JACKSON TOWNSHIP: It was either going to be a definitive night in the Federal League or a night in which the league race took on the look of scrambled eggs.
It turned out to be a definitive all right. Scrambled eggs not on the menu.
Jackson made a statement that echoed throughout Stark County, from Uniontown to Canton to Massillon, with a convincing 35-10 victory over visiting GlenOak.
With the Polar Bears remaining undefeated and McKinley holding on to slip past Lake in double overtime, the league took on a distinctive look as the second half of the season got underway.
Jackson (6-0, 3-0) and McKinley (5-1, 3-0) are on top with the others in their rearview mirrors.
The tie will be broken in seven days when the rejuvenated and state-ranked Polar Bears and Bulldogs meet in a Saturday Night Special at Canton Central Catholic, McKinley’s temporary home during the renovation of the former Fawcett Stadium. The stadium will not be big enough.
Jackson, standing first in the all-important Division I, Region 1 computer rankings, struck quickly and often in dropping the Eagles to 4-2 and 2-1 and invoking the running clock rule for the second week in a row.
The Polar Bears, usually led by senior skill players Dillon Dingler and Jack Dear, scored on their first three possessions in building a 21-3 halftime lead, then scored twice in the third quarter to ignite the running clock and decide the issue.
On Homecoming Night, it was a pair of juniors who took center stage. Quarterback Jaret Pallotta and receiver Zach Beaulieu were a tandem for which the Golden Eagles had no answer.
The 6-foot-6, 185-pound Pallotta completed 11-of-16 passes for 275 yards and five touchdowns. Three of those scores went to the 5-10, 175-pound Beaulieu, who finished with five receptions for 134 yards.
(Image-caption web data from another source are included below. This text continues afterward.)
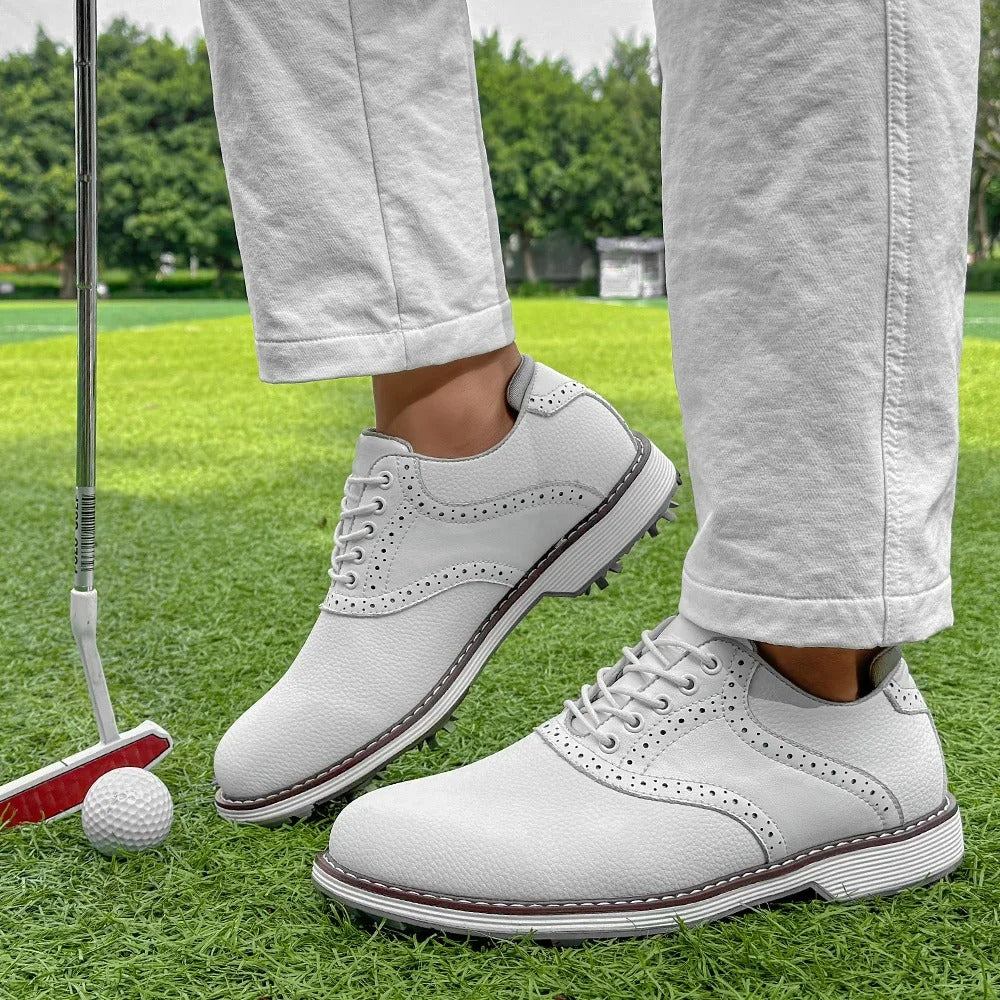 The Fairway Brogue Golf Sneakers – Men’s Leather Golf Shoes with Classic Wingtip Design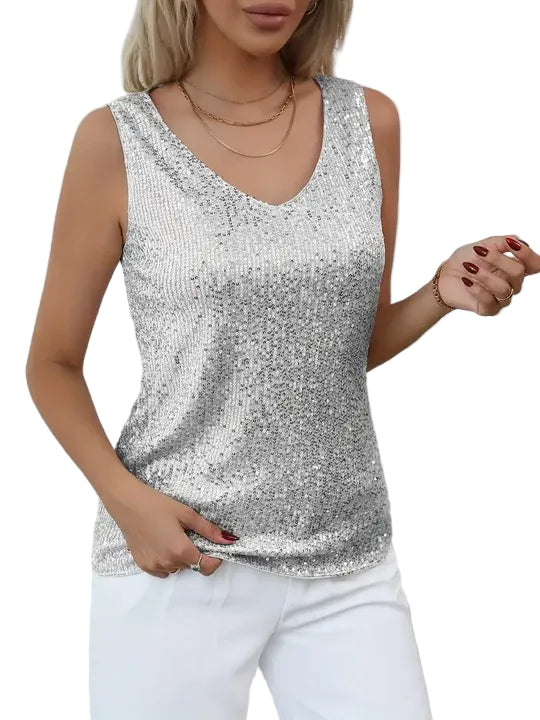 Sequin Sleeveless V-Neck Top for Women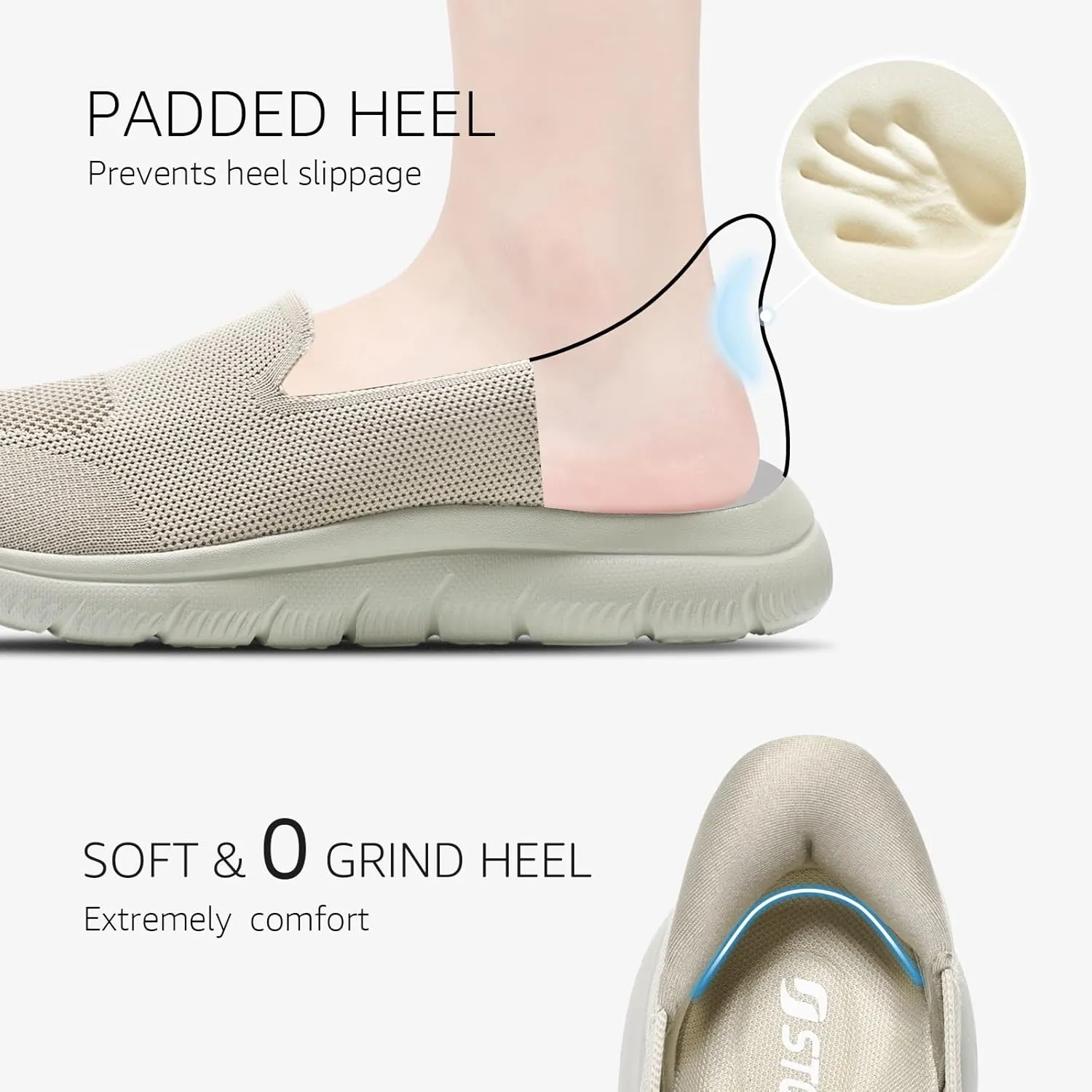 STQ Walking Shoes Women Slip on Sneakers Orthopedic Shoes Non Slip Elderly Comfort Lightweight Casual Standing Travelling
“They tried to cover us man-to-man on every third down play,” said Pallotta, who went over the 1,000-yard mark in passing yards and doubled his TD passing total to 10. “We had a great game plan. When they went to man there was no help in the middle. They just went man and brought the house.”
Beaulieu said it was a team effort — the Jackson defense kept the Eagles out of the end zone until senior Abe Billings caught a 20-yard touchdown pass from quarterback JJ Olivera with 3:47 remaining and Jackson on top 35-3 — but said GlenOak had a hard time in the man-to-man coverage.
“That left mostly everything open,” he said. “I just try to do whatever I can to help the team.”
GlenOak, unranked in the Associated Press poll but sixth in the computer poll, lost running back Elijah Ladson with cramping problems late in the third quarter. To that point the hard-running Ladson accounted for the bulk of the offense with 97 yards on 20 carries.
“We didn’t play very well, but give all the credit to them,” GlenOak coach Scott Garcia said. “Pallotta was on fire and Dingler is probably the best football player in the [Stark] county. We have to move on. It doesn’t get any easier for us. Our schedule is brutal.”
The Golden Eagles play perennial state title contender Cleveland St. Ignatius next week.
Jackson opened the game with a diversified 12-play, 75-yard scoring drove as Pallotta completed four of his first six passes and Dear and Dingler pounded the line. The payoff came on a 14-yard completion to Beaulieu. The second drive didn’t take as long as Pallotta and Dingler hooked up on a 75-yard score on the third play of the possession.
“Zach is an important part of our offense,” Jackson coach Tim Budd, who has engineered the turnaround while striving for a physical and aggressive approach, said. “He was banged up early in the season, but he is an option. He was able to break free and make some receptions.”
Dingler, who will attend Ohio State on a baseball scholarship, caught four passes for 113 yards and two touchdowns. He also punted four times for a 45.8-yard average, twice pinning the Eagles in the shadow of their goal line.
GlenOak failed to convert on third-and-4 after driving to the Jackson 5-yard line early in the second quarter behind Ladson’s bullish running and had to settle for a 21-yard field goal by Dean Sarris when a touchdown was sorely needed.